Enjoying new people – Don Smith
I like to see new people around. Ive got some new neighbours moved in from London, which Im very happy with. Lets face it, its not right, is it, that in my age group, I should be too critical of all these young people coming in. Im pleased a lot of the new people are getting involved in things, like in the Council, with the Wivenhoe Society, the Sailing Club. Theyve got to find their own levels and settle in, havent they?
Three ten-year-olds’ views today
It has lots of places to play in but it’s very busy and has lots of traffic. The woods are excellent and the field next to where I live is a great place to walk my dog. But some things are not so good like the future skate park on the field. I don’t really like all the houses being built at the Quay. I would love to have lived in the past because children had so much more freedom and no one had to go into town because there were so many more shops. Although I can’t imagine life without a car, TVs, radios and computers.
I like Wivenhoe because it has good parks and woods and it has nice people than help you and you can play anywhere in the woods. A game that we play is manhunt and you can play knock down ginger.

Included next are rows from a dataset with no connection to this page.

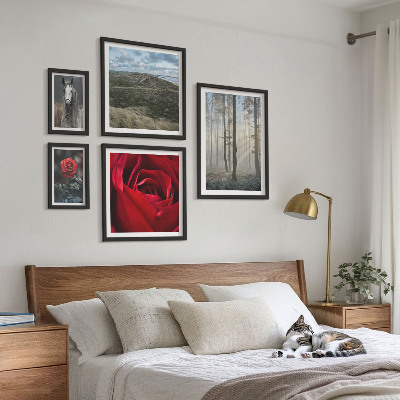 Wanddecoratie compositie Natuurlijke bloemen in verschillende stijlen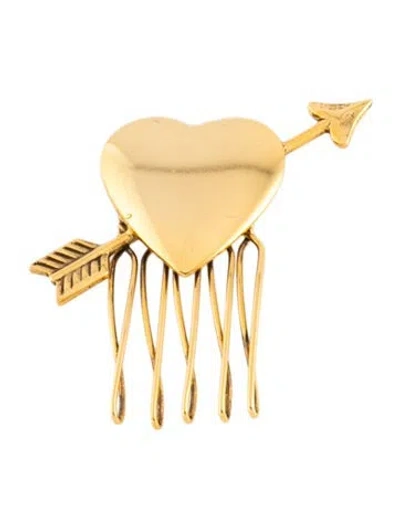 Pre-owned Lelet Ny Heart Hair Accessory In Gold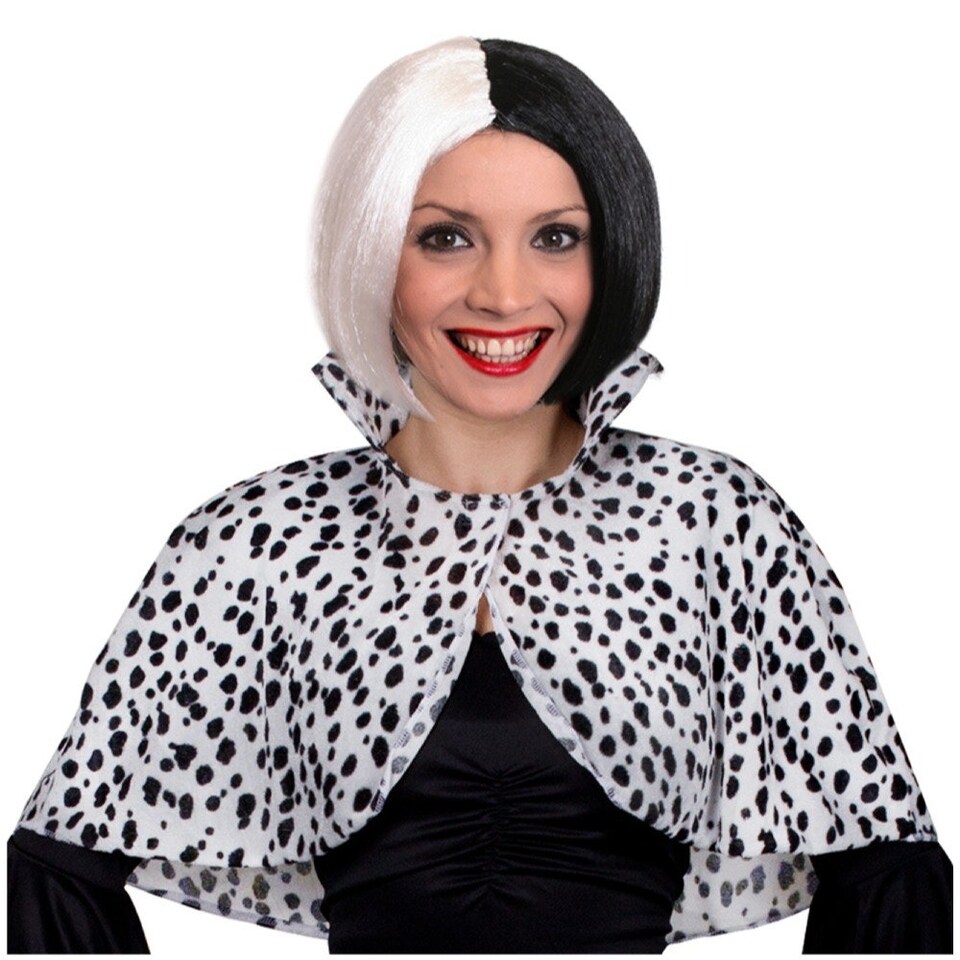 image 1 of Evil Dog Lady Black and White Bob Wig Black | One Size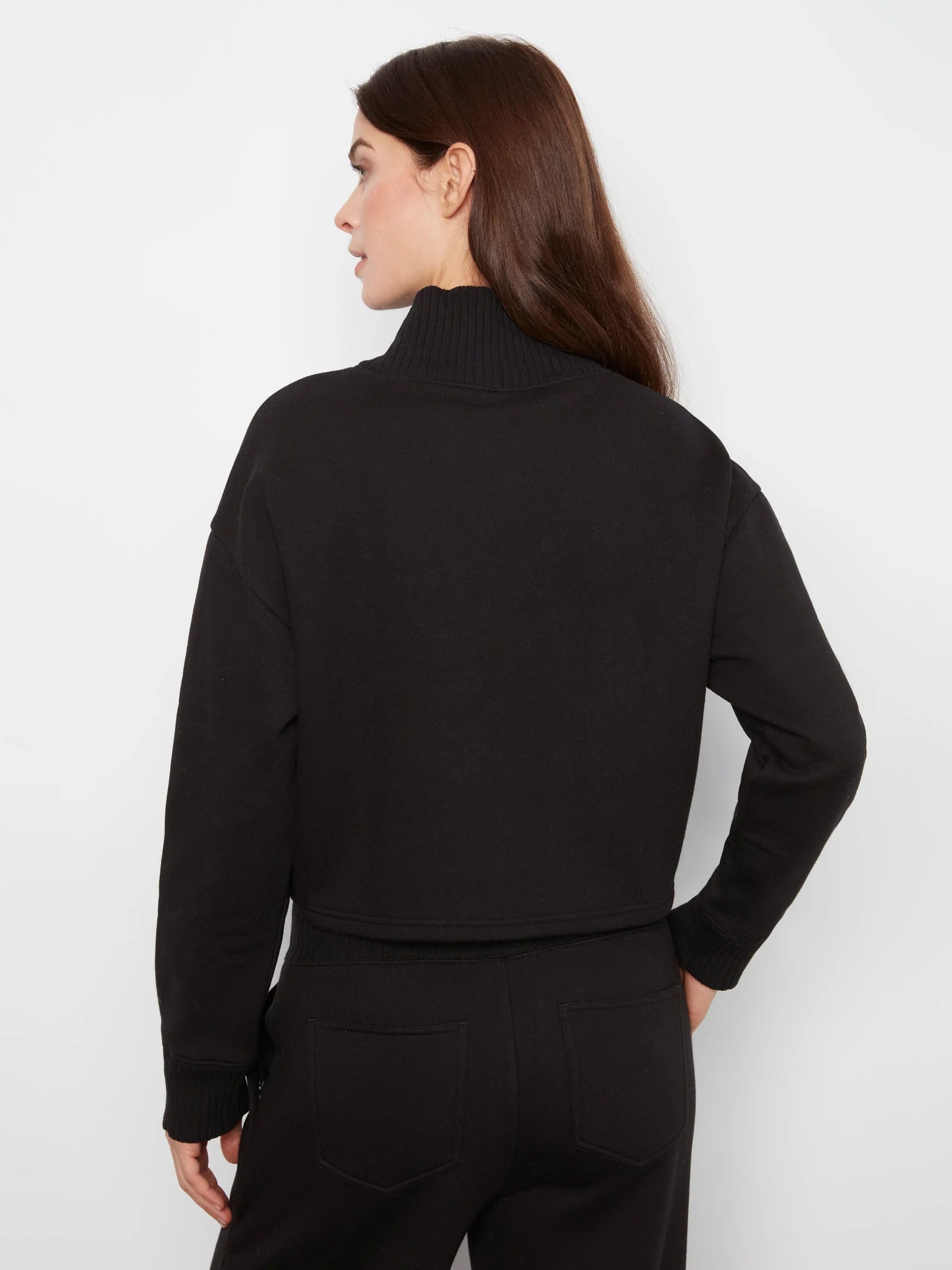 French Terry L/S Mock Neck Top
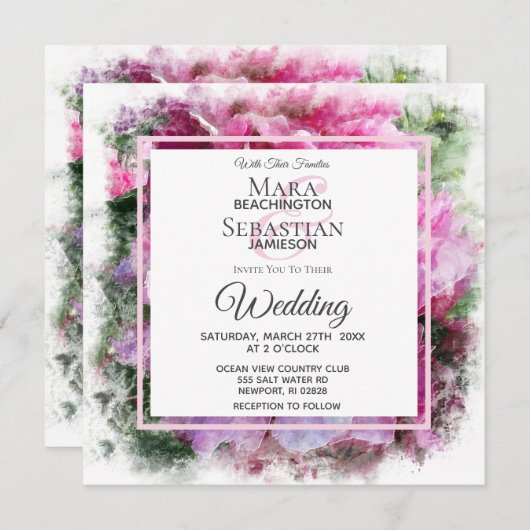 *~*ピンクピ絵を描オニの芸術的AR1結婚の招待 招待状 (正面/裏面)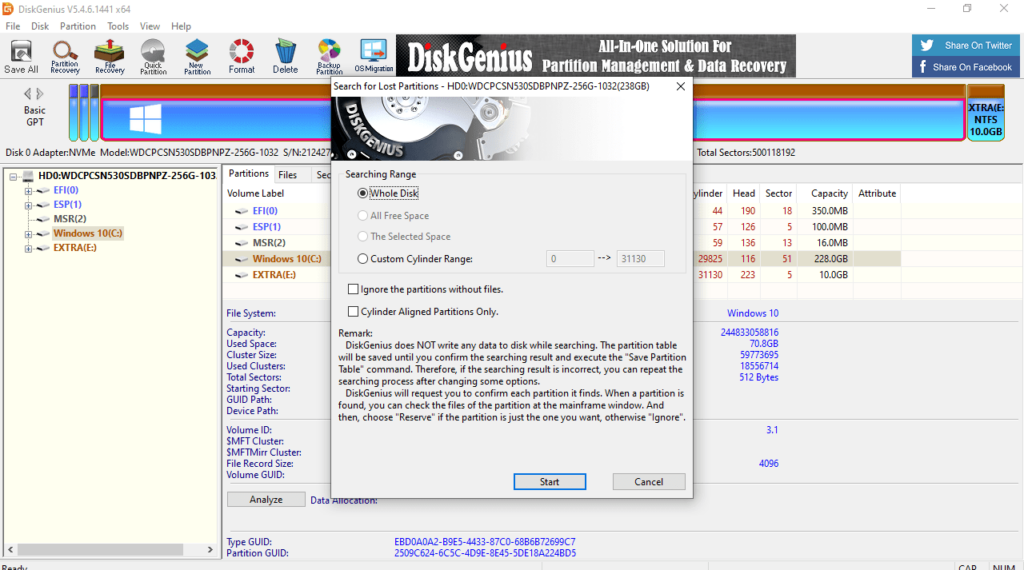 DiskGenius Search for lost partitions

Wivenhoe seems to me as if it’s remote countryside, a village. I love the way the river sparkles as if star dust has been scattered on it by friendly angels. In the summer it’s really nice to go down to the park, and then get some fish and chips by the Quay. It’s amazing to think that great steam train rode past the woods every day! I think it would have been really cool to live when many of our grandparents lived her. It seems so weird that children were allowed to go anywhere they wanted!!! I can’t believe that they got up to much mischief. I’d have loved to see what school was like and meet the dreaded Miss Smith in person!